═══ Available data ═══

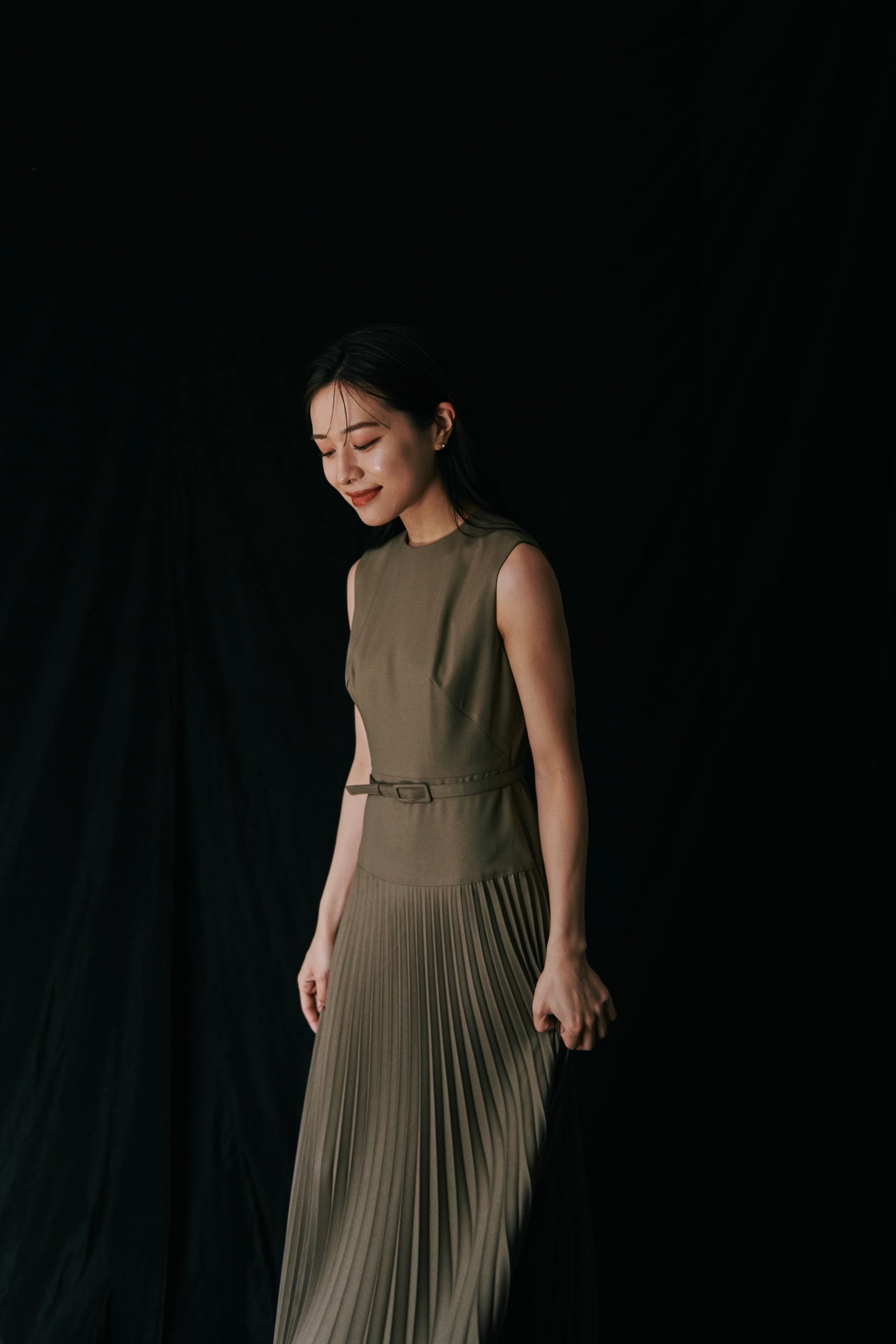 Belted Pleats Dress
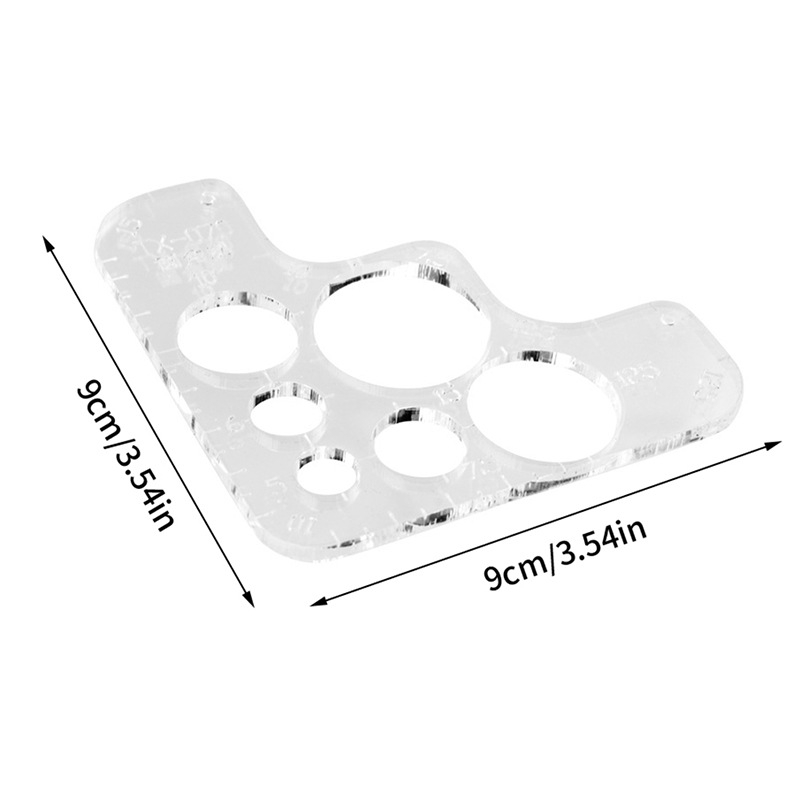 Riglă rotundă KANGHAI, acrilic, formă pătrată, 15,5 g, ambalaj Opp bag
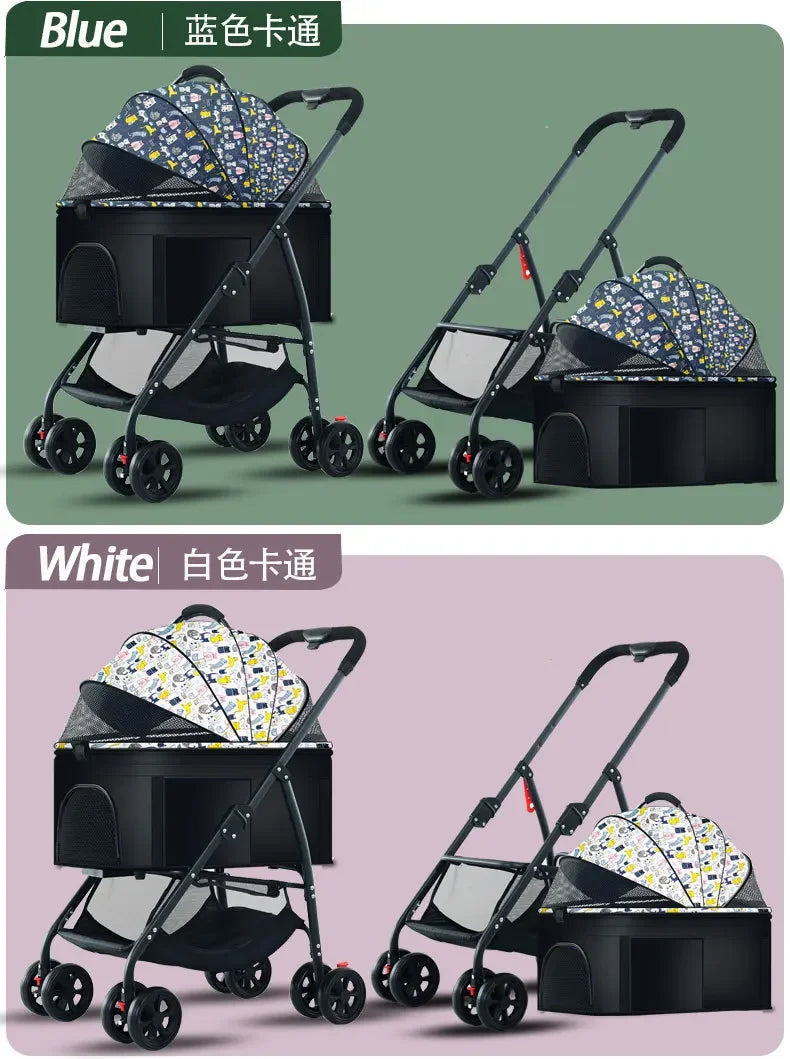 3-in-1 Lightweight Foldable Pet Car Stroller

═══

Task prompt>
Print the listing exactly, images excluded.

Response area>
 Belted Pleats Dress
 Riglă rotundă KANGHAI, acrilic, formă pătrată, 15,5 g, ambalaj Opp bag
 3-in-1 Lightweight Foldable Pet Car Stroller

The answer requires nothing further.